Tokoh Gatholoco digambarkan sebagai seorang anak raja Suksmawisesa dari kerajaan Jajarginawe yang berparas jelek sekali. Ia mempunyai seorang hamba yang sangat setia, bernama Darmagandhul yang tidak kalah jeleknya dari dirinya. Gatholoco disuruh bertapa oleh ayahnya agar ia menjadi orang yang sangat pandai berdebat, pandai tulis-menulis, dan pandai berhitung tanpa guru. Kelak ia akan mendapat lawan tangguh dalam berdebat mengenai kawruh kasunyatan “ Ilmu Sejati “ yang bernama Dewi Perjiwati.

Diceritakan tentang tiga orang guru mengaji, yaitu Abduljabar, Abdulmanab, Abdulgharib. Ketiganya amat fasih dalam membaca Al Quran, Fikih dan Nahwu. Mereka berjumpa dengan Gatholoco dalam perjalanan sewaktu mencari lawan berdebat tentang ilmu yang dikuasinya. Terjadilah perdebatan antara ketiga guru mengaji tersebut dengan Gatholoco. Perdebatan meliputi tentang arti orang yang memiliki ilmu, haram, atau najis dan arti halal. Gatholoco memenangkan perdebatan dan akhirnya mengajak mereka berteka-teki.

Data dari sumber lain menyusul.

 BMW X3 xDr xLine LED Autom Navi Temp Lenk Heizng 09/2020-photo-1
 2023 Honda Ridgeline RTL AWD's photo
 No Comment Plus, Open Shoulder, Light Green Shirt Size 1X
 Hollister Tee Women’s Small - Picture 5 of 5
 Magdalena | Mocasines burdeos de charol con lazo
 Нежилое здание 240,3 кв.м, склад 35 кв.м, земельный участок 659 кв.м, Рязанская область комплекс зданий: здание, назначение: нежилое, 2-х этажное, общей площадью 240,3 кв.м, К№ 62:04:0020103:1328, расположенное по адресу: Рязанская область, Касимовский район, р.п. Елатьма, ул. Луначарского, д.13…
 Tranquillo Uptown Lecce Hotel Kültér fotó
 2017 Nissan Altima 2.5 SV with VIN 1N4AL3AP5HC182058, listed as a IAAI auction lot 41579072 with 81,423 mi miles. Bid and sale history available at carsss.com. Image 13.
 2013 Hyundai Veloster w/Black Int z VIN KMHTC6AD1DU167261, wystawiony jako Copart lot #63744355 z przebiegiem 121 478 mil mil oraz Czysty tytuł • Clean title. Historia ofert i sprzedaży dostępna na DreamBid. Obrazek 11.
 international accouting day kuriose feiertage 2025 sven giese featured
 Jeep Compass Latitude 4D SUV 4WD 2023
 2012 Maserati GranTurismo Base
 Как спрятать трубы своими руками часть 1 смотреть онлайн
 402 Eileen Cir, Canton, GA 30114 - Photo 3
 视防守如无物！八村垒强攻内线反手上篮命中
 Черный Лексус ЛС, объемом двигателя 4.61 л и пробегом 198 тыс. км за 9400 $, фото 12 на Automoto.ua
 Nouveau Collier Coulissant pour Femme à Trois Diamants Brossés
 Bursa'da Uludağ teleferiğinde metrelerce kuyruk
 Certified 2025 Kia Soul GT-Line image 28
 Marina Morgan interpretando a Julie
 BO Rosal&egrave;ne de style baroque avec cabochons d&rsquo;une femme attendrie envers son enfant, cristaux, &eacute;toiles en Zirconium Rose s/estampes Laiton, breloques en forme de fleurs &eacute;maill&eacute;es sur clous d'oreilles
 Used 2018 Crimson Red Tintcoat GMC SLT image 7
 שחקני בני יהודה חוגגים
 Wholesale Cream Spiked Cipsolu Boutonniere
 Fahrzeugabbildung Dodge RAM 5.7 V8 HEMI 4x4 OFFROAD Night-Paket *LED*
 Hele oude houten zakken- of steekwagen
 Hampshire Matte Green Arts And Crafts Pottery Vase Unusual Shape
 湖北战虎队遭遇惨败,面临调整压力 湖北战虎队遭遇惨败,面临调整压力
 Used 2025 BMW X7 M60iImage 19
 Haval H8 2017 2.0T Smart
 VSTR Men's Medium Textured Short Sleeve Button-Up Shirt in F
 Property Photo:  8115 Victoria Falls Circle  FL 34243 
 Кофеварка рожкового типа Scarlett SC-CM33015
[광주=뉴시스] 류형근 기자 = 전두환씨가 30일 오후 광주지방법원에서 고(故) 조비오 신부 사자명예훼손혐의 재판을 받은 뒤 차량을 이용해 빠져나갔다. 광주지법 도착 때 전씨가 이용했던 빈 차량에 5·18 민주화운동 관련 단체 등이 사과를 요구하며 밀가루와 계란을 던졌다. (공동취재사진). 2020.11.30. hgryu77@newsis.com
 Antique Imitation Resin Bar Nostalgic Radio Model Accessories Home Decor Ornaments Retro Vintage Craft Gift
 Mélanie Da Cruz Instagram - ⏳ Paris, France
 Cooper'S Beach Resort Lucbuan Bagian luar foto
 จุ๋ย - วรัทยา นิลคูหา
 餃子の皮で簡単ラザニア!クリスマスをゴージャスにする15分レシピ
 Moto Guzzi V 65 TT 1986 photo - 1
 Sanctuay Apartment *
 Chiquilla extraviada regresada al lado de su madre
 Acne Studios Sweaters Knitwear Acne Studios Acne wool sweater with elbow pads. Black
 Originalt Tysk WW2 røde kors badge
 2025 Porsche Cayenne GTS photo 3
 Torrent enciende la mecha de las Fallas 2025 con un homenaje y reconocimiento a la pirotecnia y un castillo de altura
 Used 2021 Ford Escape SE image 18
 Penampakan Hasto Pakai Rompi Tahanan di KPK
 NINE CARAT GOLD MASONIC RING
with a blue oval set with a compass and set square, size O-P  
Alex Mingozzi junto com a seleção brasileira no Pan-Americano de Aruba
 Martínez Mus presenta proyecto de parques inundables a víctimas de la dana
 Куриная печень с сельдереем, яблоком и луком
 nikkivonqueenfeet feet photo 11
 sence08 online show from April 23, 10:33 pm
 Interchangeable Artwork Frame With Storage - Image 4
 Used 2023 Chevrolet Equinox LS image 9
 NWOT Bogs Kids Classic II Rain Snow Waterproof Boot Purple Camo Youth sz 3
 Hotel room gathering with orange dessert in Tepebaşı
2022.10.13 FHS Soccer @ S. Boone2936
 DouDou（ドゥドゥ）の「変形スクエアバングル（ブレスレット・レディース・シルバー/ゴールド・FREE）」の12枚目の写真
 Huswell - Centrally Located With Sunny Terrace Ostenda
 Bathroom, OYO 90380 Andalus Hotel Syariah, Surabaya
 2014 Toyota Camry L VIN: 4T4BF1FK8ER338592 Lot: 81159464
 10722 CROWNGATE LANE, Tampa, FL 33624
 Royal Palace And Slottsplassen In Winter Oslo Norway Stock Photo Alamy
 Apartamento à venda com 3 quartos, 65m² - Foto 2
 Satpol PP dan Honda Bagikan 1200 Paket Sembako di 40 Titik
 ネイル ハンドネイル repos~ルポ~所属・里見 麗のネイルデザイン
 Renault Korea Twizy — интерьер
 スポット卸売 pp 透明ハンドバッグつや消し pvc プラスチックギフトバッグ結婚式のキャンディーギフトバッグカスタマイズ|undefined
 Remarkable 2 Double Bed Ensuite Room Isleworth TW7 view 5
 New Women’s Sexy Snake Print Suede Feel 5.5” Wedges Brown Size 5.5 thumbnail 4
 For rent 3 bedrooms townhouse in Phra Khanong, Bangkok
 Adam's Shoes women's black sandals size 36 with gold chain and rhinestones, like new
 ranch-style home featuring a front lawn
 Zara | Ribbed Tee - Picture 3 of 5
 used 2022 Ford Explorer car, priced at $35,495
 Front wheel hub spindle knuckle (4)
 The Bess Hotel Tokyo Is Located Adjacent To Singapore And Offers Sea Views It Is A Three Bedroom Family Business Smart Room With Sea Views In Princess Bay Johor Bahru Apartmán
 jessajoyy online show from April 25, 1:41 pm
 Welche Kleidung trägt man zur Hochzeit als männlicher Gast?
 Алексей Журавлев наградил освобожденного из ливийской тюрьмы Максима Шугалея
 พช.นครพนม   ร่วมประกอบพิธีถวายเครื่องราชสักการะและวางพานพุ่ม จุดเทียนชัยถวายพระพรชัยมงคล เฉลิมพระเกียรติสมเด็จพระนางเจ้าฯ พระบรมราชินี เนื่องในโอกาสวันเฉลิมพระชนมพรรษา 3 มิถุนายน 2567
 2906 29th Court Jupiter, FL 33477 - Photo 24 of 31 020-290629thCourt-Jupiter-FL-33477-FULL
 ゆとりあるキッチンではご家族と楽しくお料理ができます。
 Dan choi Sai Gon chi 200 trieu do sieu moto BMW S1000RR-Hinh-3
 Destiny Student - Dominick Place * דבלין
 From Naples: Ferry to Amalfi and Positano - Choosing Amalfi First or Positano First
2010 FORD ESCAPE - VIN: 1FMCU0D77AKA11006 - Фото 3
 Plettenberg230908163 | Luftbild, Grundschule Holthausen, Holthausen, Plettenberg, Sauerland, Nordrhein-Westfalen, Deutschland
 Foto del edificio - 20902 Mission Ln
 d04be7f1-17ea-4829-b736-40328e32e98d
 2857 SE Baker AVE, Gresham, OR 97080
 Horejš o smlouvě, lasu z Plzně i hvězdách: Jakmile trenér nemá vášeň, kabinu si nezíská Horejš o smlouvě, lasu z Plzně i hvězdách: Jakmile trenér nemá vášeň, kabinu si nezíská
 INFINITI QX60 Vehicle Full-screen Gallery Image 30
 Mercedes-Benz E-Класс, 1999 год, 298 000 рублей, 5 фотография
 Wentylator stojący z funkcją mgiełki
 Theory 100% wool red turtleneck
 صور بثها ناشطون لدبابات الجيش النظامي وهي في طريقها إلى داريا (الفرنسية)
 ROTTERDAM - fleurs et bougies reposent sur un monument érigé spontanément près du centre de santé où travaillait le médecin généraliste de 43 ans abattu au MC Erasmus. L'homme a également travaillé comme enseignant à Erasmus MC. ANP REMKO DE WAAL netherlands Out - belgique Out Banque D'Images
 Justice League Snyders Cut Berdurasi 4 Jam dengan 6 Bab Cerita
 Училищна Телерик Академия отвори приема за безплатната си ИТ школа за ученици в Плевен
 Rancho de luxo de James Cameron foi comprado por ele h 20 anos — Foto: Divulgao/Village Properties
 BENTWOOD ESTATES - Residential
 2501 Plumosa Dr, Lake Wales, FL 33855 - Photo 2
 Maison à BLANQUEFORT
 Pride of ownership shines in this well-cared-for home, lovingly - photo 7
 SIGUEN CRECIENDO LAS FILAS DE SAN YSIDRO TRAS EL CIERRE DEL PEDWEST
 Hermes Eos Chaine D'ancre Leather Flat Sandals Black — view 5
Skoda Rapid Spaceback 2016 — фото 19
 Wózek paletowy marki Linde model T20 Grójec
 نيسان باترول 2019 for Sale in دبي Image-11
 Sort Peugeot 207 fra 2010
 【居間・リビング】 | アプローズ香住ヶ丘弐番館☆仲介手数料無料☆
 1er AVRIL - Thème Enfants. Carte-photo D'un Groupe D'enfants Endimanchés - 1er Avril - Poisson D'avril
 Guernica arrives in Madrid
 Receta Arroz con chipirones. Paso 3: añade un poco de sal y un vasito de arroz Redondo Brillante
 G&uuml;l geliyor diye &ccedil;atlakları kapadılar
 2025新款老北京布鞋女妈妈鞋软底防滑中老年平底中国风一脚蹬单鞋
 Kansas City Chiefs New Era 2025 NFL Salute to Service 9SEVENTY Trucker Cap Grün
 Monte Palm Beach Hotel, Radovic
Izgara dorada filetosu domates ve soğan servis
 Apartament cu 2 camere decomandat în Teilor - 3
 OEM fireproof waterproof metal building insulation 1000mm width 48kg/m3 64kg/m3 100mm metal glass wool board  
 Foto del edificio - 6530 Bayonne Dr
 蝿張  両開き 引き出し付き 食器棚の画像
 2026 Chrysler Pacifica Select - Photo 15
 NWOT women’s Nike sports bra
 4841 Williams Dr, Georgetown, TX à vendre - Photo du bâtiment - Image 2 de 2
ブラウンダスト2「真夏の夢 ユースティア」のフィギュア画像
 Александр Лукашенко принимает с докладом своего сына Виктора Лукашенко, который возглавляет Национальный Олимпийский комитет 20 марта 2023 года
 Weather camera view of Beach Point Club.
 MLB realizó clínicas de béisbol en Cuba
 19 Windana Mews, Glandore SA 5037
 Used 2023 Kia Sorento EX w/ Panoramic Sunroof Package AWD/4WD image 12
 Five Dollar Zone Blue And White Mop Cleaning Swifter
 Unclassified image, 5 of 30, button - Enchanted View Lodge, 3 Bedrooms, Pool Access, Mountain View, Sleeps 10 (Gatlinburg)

Teka-teki Gatholoco mengenai : wayang, dalang, blencong, dan kelir. Dari keempat itu manakah yang lebih tua ? perdebatan dimenangkan oleh Gatholoco. Ia menerangkan juga tentang hakikat : wayang, dalang, kelir, blencong dan gamelan. Ketiga guru mengaji itu akhirnya meninggalkan Gatholoco dan menuju Cepekan. Di Cepekan terdapat tiga orang guru mengaji, yaitu : Kasan Mustahal, Kasan Besari, dan Ki Duljalal. Mereka ini didatangi oleh ketiga ketiga orang guru mengaji yang kalah berdebat dengan Gatholoco. Mereka menceritakan tentang kekalahan dalam perdebatan. Gatholoco dicari dan diajaknya ke Pondok Cepekan untuk diajak berdebat tentang ilmu sejati. Perdebatan antara Gatholoco dengan ketiga orang guru mengaji di Pondok Cepekan berlanjut. Akhirnya dimenangkan oleh Gatholoco, karena mereka kalah, maka diusirlah Gatholoco dari pondok tersebut. Pada mulanya Gatholoco tidak mau pergi kalau tidak diberi uang. Akhirnya, ia meninggalkan pondok tersebut untuk melanjutkan pengembaraannya.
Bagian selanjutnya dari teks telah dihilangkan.